El contexto no ayudaba. El sector de los chips de memoria lleva tiempo en una montaña rusa, con una demanda que no termina de despegar al ritmo esperado y unos precios que presionan los márgenes. En este escenario, cualquier rumor sobre movimientos corporativos puede provocar bandazos en bolsa, y más cuando se trata de un gigante como SK Hynix, uno de los principales fabricantes de memoria del mundo.
A la espera de los resultados de Alphabet, el mercado está especialmente sensible. Los inversores escrutan cada pista sobre el gasto en inteligencia artificial y centros de datos, dos áreas que disparan el consumo de memoria de alto rendimiento. Unas cifras flojas del gigante tecnológico podrían confirmar los temores de un enfriamiento en la inversión, justo lo que menos necesita un valor como SK Hynix.

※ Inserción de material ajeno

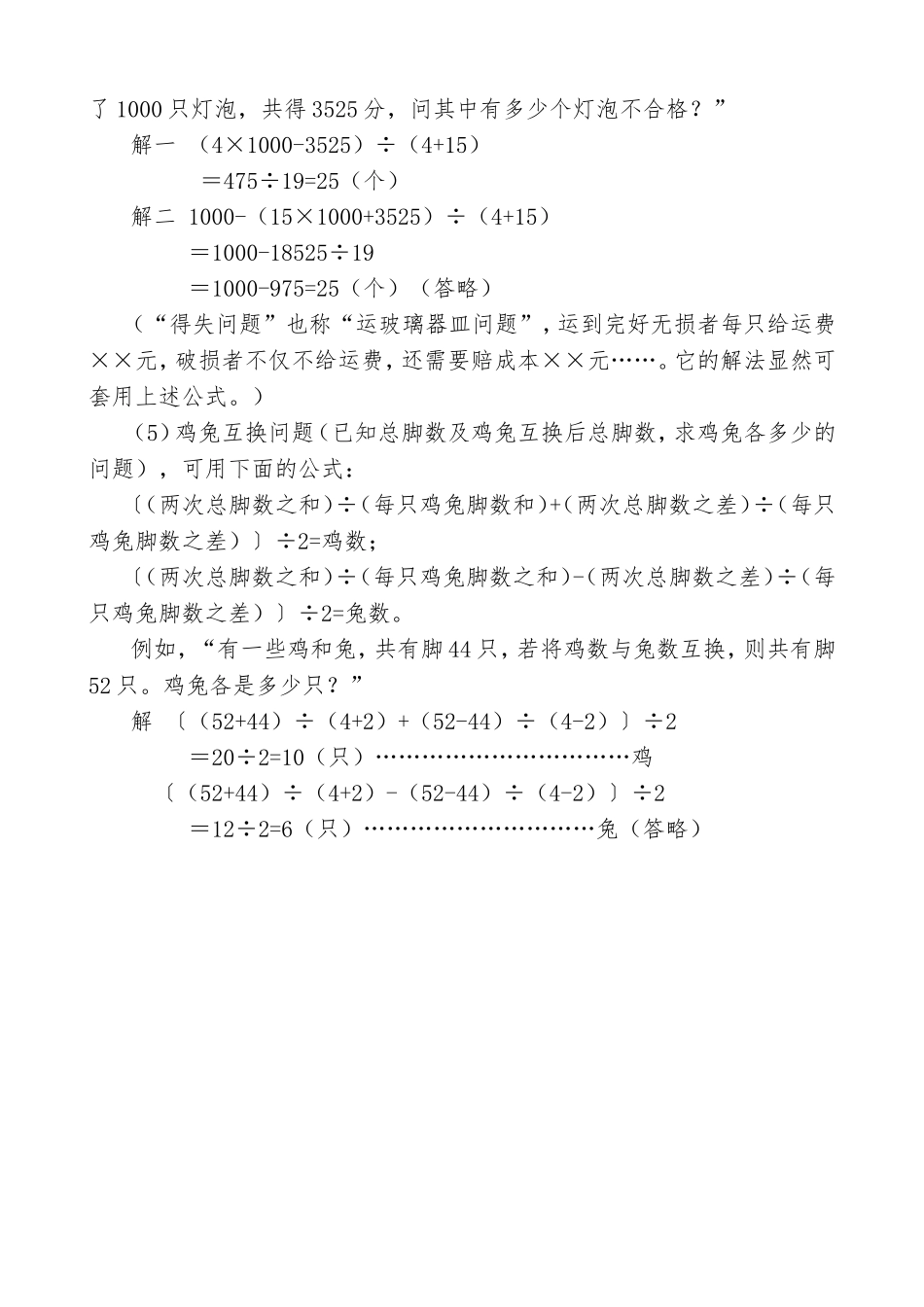 鸡兔同笼问题五种基本公式_第2页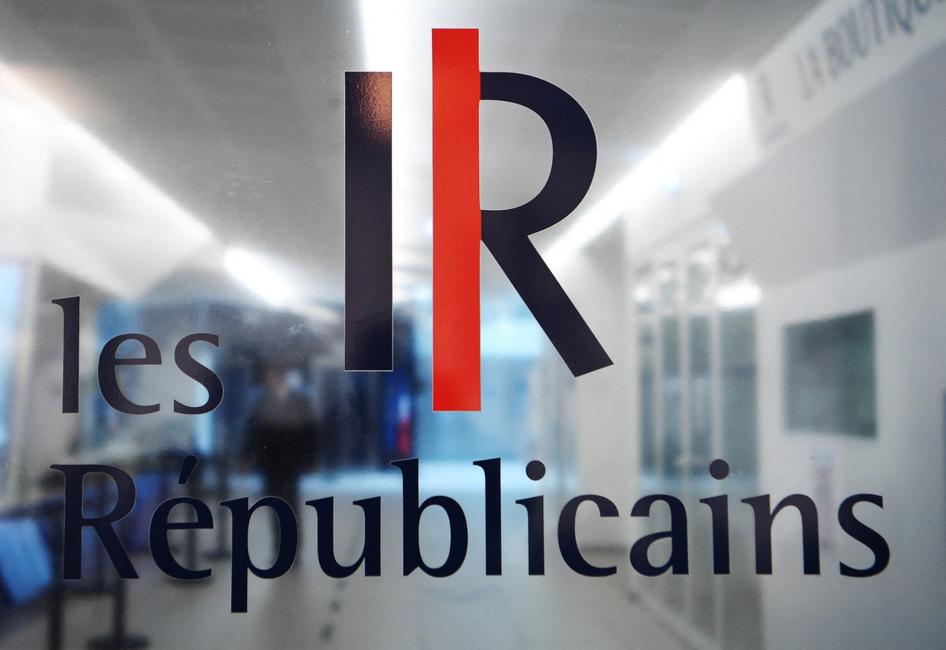 Le logo du parti Les Républicains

Mientras tanto, la compañía sigue centrada en su propio camino. La negativa a comprar la planta de Intel no significa que se quede quieta: SK Hynix está invirtiendo fuerte en tecnologías como la memoria de alto ancho de banda (HBM), clave para los chips de IA, donde compite codo con codo con Samsung y Micron. Pero el mercado, hoy por hoy, prefiere castigar la incertidumbre antes que premiar las promesas.
El análisis de Salseo
- La caída de SK Hynix no es solo por desmentir un rumor, sino porque refleja el miedo a que el ciclo de memoria se enfríe más de lo previsto. Si Alphabet da malas noticias, la excusa para vender será perfecta.
- El mercado castiga la falta de catalizadores: sin la compra de la planta, SK Hynix se queda sin un posible impulso a corto plazo, y los inversores se centran en los riesgos macro y de demanda.
- A largo plazo, la negativa puede ser una señal de disciplina financiera: comprar una fábrica de Intel podría haber supuesto un lastre en un momento de márgenes ajustados. Pero en el corto plazo, manda el pánico.
- La clave ahora está en los resultados de Alphabet: si el gasto en infraestructura de IA se mantiene fuerte, SK Hynix podría recuperarse rápido. Si no, el sector entero puede sufrir una nueva ola de ventas.